The Enterprise Chamber Court of Appeals in Amsterdam (“the Court”) ruled
in favor of the minority shareholders, petitioners for immediate relief,
and appointed three supervisory directors, with the exclusive power to decide
on any transaction involving Tele2 AB. In addition, the Court ordered Versatel
to abide by all corporate governance rules, pending litigation with the
minority.
This decision is likely to have a major impact on the landscape of majority
versus minority shareholder interests in Dutch listed companies.
The Versatel Case:
Versatel is a Dutch company, listed on Euronext, Amsterdam (AEX). After
completion of a successful public bid, Swedish Tele2 AB (“Tele2”) acquired
approximately 83 percent of the outstanding shares. Since Dutch law only
permits a buy-out of the remaining minority shareholders by a holder of
at least 95 percent, Tele2 recently replaced the Versatel supervisory board
with four of its own appointees, and prepared for an extraordinary general
meeting of shareholders (EGM) to decide to merge Versatel into Tele2 by
means of a triangular merger between Versatel, Tele2 and a Dutch subsidiary
of Tele2. The minority shareholders, who lost a previous injunctive action
seeking to block such an indirect squeeze-out, now argued that having a
supervisory board consisting solely of: 1) Tele2 appointees (as noted above,
a fifth member was up for election at the EGM); and 2) the intention to
cancel certain applicable corporate governance rules, amounted to a neglect
of the equitable interests of the minority shareholders.
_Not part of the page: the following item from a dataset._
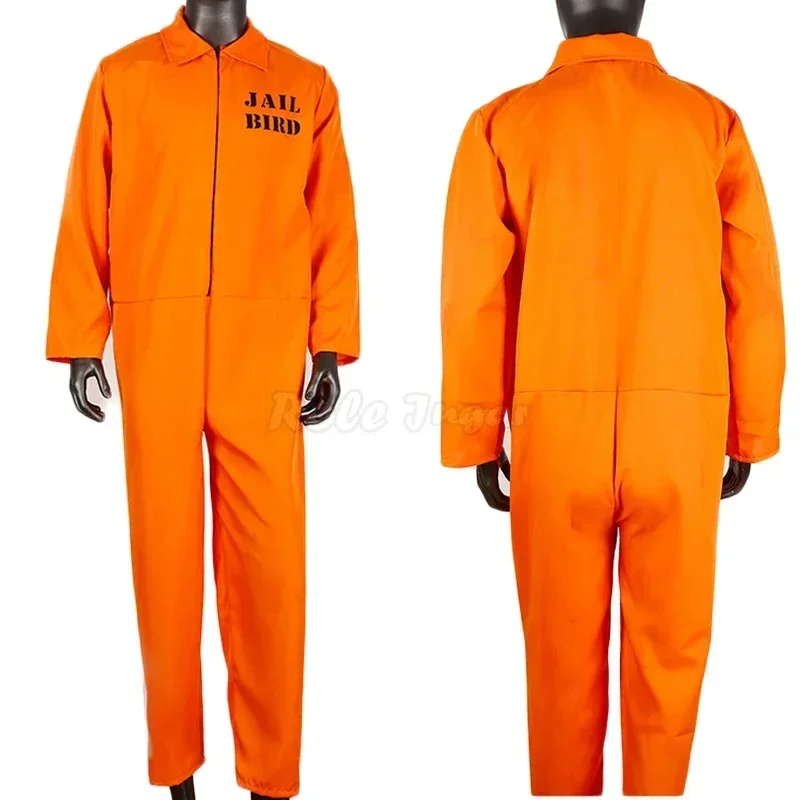 Men Women Orange Prisoner Jumpsuit Cosplay Halloween Carnival Costumes For Adult Criminal Jailbird Inmate Bodysuit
Versatel argued that the appointment of an additional supervisory director
was justified since the appointee – unlike the existing directors – was
not a board member of Tele2 itself and had broad experience in the technology
market.
In addition, Versatel argued that the corporate governance rules on directors’
conflicts of interests no longer applied when relating to a proposed transaction
with Tele2 or any of their affiliates. The Dutch corporate governance code
(“Code Tabaksblat”) rule III.6.2 requires supervisory directors to recuse
themselves from voting on any matters with which such person has a conflict
of interest. In addition, the Code Tabaksblat, rule III.2 requires all supervisory
directors to be independent (with the exclusion of one member). One factor
to determine such independence is “whether such person is a representative
of a legal entity holding at least 10 percent of the outstanding shares,
unless it relates to a group company.” Versatel argued that since the merger
involved group companies, it could rely on the referenced exception to the
conflict rule.
Judgement of the Court:
- With the use of the so-called “comply or explain” rule, Versatel indicated
in its 2004 annual accounts that it complied with the Code Tabaksblat.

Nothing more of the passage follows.